Well, we need to have some sort of objective metric of performance for each county, in each year, in each subject. As it stands, we just have a bunch of percentages.
Here's the idea. We take the difference between the advanced percentage and the basic percentage. We can ignore the number in the middle - let's consider those to be "neutral". So if a county has a lot of high performing students relative to low performing, the number will be positve, and respectively negative for low performing counties. Then, we'll add 1 to make all these numbers positive, with the already positive numbers jumping over 1, and then multiply by 100 to make the numbers more readable. Here's what we get:
msaAllYears['Performance'] = (msaAllYears['Adv Ratio'] - msaAllYears['Basic Ratio'] + 1) * 100
msaAllYears = msaAllYears[msaAllYears.columns.drop(list(msaAllYears.filter(regex='Ratio')))]
msaAllYears = msaAllYears.drop(columns=['Tested Count'])
msaAllYears.head()
Looks good, and graphable! Now to split into two dataframes, between math and language. If there's an easy way to do this is pandas, I haven't found it. Fortunately, it's not that hard to do manually, and it's good coding practice anyway!
First let's get a list of all the counties, and initialize a dictionary for each subject.
counties = msaAllYears['County'].unique()
readingDict = {}
mathDict = {}
for c in counties:
readingDict[c] = []
mathDict[c] = []
Okay, now here's the idea. We want to take every row that's assigned to each subject, and append it's performance value to the associated dictionarie's county entry.
Example Row: 2011, Montgomery, Math, 103
This will go to the math dictionary, look for the Montgomery key, and then add the performance 103. Because this table is stored chronologically, we don't have to worry about the year - it'll be in the right place.
for index, row in msaAllYears.iterrows():
if row['Subject'] == 'Reading':
readingDict[row['County']].append(row['Performance'])
else:
mathDict[row['County']].append(row['Performance'])
Let's convert back to see the fruits of our labor.
msaAllYearsReading = pd.DataFrame(readingDict, index = range(2010, 2015))
msaAllYearsMath = pd.DataFrame(mathDict, index = range(2010, 2015))
msaAllYearsReading.head()
Looks pretty nice. Finally time to graph it!
We'll split the counties in half so each graph isn't too cluttered.
msaAllYearsReading.iloc[:, :12].plot.line(figsize=(15,8)).set(xlabel="Year", ylabel="Reading Exam Performance")
msaAllYearsReading.iloc[:, 12:].plot.line(figsize=(15,8)).set(xlabel="Year", ylabel="Reading Exam Performance")

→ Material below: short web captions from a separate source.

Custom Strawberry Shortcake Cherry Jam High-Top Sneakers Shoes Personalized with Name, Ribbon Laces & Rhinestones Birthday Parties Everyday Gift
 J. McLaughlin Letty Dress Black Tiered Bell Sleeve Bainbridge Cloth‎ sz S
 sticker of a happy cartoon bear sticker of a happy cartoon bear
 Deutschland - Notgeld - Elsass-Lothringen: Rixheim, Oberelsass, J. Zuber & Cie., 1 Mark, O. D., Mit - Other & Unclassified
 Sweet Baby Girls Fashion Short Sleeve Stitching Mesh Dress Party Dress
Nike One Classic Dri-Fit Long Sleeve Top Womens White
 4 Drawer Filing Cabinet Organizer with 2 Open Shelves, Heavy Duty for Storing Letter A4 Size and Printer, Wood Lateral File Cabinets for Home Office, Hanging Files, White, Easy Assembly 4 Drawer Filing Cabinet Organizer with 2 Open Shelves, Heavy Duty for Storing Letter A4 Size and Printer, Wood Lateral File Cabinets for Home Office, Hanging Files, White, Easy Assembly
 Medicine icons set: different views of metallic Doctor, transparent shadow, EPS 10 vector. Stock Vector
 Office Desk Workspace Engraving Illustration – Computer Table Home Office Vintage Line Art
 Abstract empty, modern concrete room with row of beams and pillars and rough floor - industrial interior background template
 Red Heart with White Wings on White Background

msaAllYearsMath.iloc[:, :12].plot.line(figsize=(15,8)).set(xlabel="Year", ylabel="Math Exam Performance")
msaAllYearsMath.iloc[:, 12:].plot.line(figsize=(15,8)).set(xlabel="Year", ylabel="Math Exam Performance")
Some brief analysis before we continue - Baltimore City is very clearly the lowest performing county in both subjects. If you're familiar with the area this probably isn't surprising. We'll further explore this later.
Apart from Baltimore City, most counties are fairly in line, with more minor exceptions like Howard and Dorchester.
Moving on to the PARCC year records. Luckily, these start off a bit cleaner, so we have less work to do.
In general, if I did something very similar with the MSA data, I won't repeat myself here. Let's take a look.
parccAllYears.head()
This one is significantly easier to manage. All we need to do is drop the columns we won't be using, then group by year and county, along with the other minor changes we made last time.
parccAllYears = parccAllYears.drop(columns=['LEA Number', 'School Number', 'School Name', 'Create Date'])
parccAllYears = parccAllYears.rename(index=str, columns={"LEA Name": "County"})
parccAllYears = parccAllYears[parccAllYears.columns.drop(list(parccAllYears.filter(regex='Percent')))]
parccAllYears = parccAllYears[parccAllYears['County'] != 'SEED']
parccAllYears = parccAllYears[parccAllYears['County'] != 'Seed School LEA']
parccAllYears = parccAllYears[parccAllYears['County'] != 'All Public Schools']
parccAllYears = parccAllYears.replace('*', '0')
To make things consistent with the MSA data, we're going to categorize exams as either ELA (English Language Arts) or math. As you may be able to tell, once the students get to high school the exam names change from "Mathematics Grade 'x'" to Algebra, Geometry, etc. Therefore, we'll just treat anything that has the word "English" in it as an ELA exam, and anything without the word "English" as a math exam.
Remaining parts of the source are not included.